(WORKING DATA Opens)

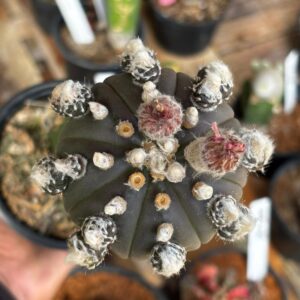 1301 21 Cacto Astrophytum Asterias Black Rainbow Flower  ( Enxertado )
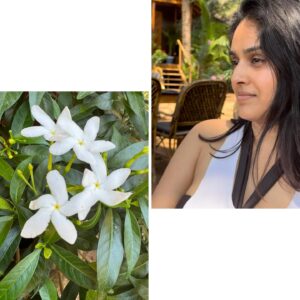 Pallavi Patil Instagram - Be patient with yourself 🌸🌼🌺
.
.
Don’t miss last photo 😁
.
.
#flowersandme #goa #metime #doodling #pallavipatil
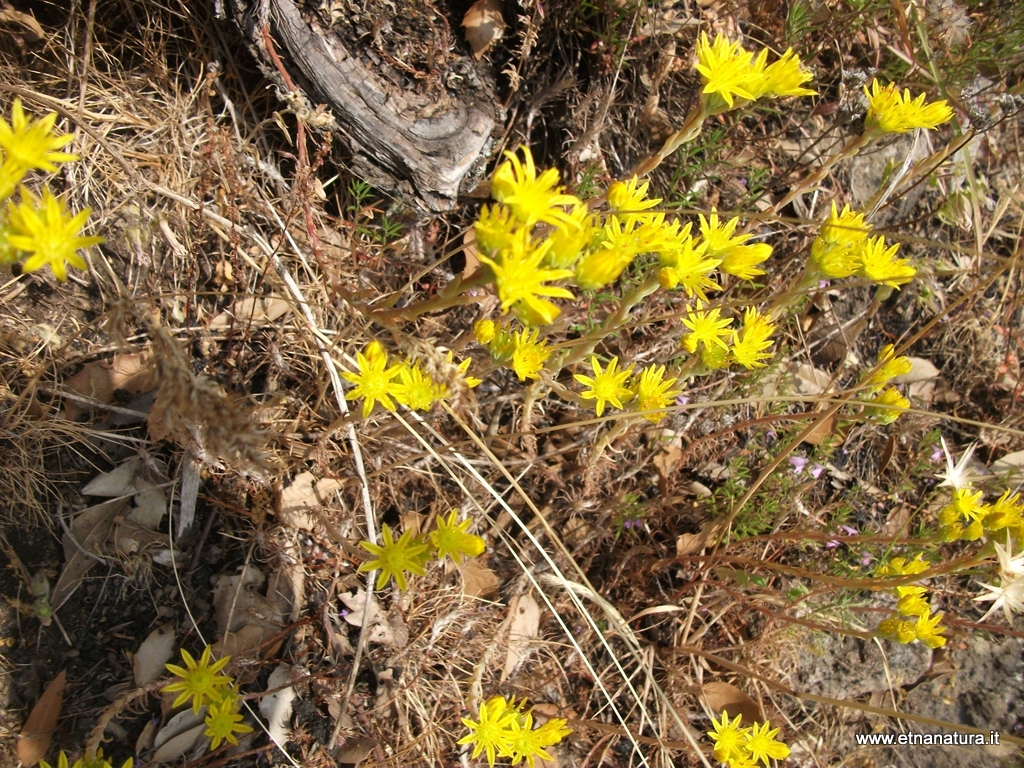 Sedum amplexicaule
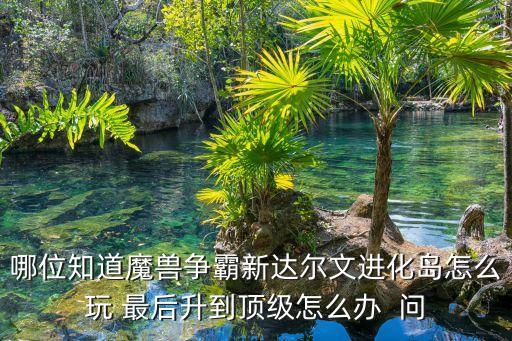 達爾文進化島，達爾文進化島怎么玩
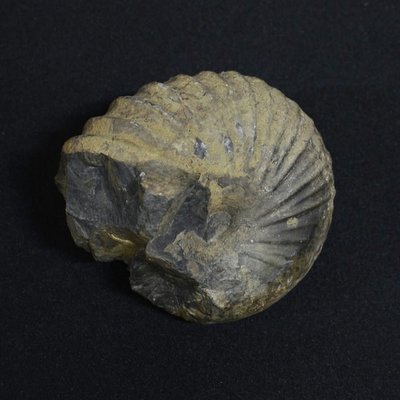 [銀九藝] 珍貴藏品 古生物 鸚鵡螺化石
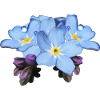Myosotis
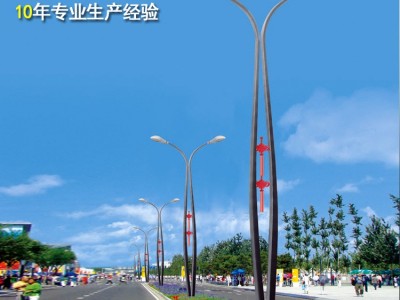 新农村建设太阳能路灯光伏省电6米全套LED路灯户外一体化厂家直销图2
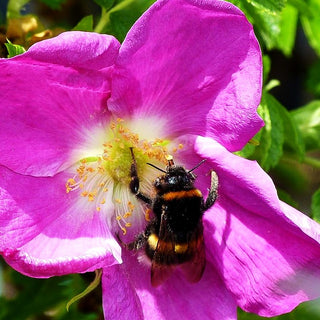 Kartoffel-Rose (Rosa rugosa)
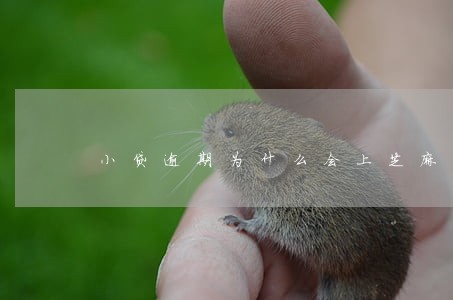 小贷逾期为什么会上芝麻信用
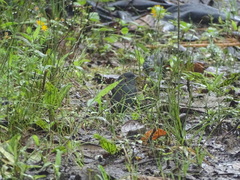 Spodiornis rusticus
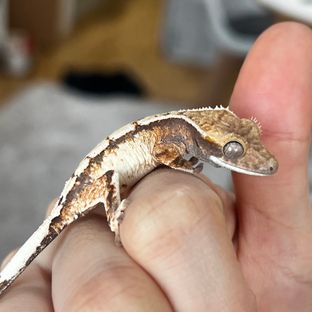세이블 트라이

(WORKING DATA Closes)

Pictures excluded, repeat the records exactly from their opening line through the line containing "達爾文進化島，達爾文進化島怎么玩".

▶ ANSWER SPACE
 1301 21 Cacto Astrophytum Asterias Black Rainbow Flower  ( Enxertado )
 Pallavi Patil Instagram - Be patient with yourself 🌸🌼🌺
.
.
Don’t miss last photo 😁
.
.
#flowersandme #goa #metime #doodling #pallavipatil
 Sedum amplexicaule
 達爾文進化島，達爾文進化島怎么玩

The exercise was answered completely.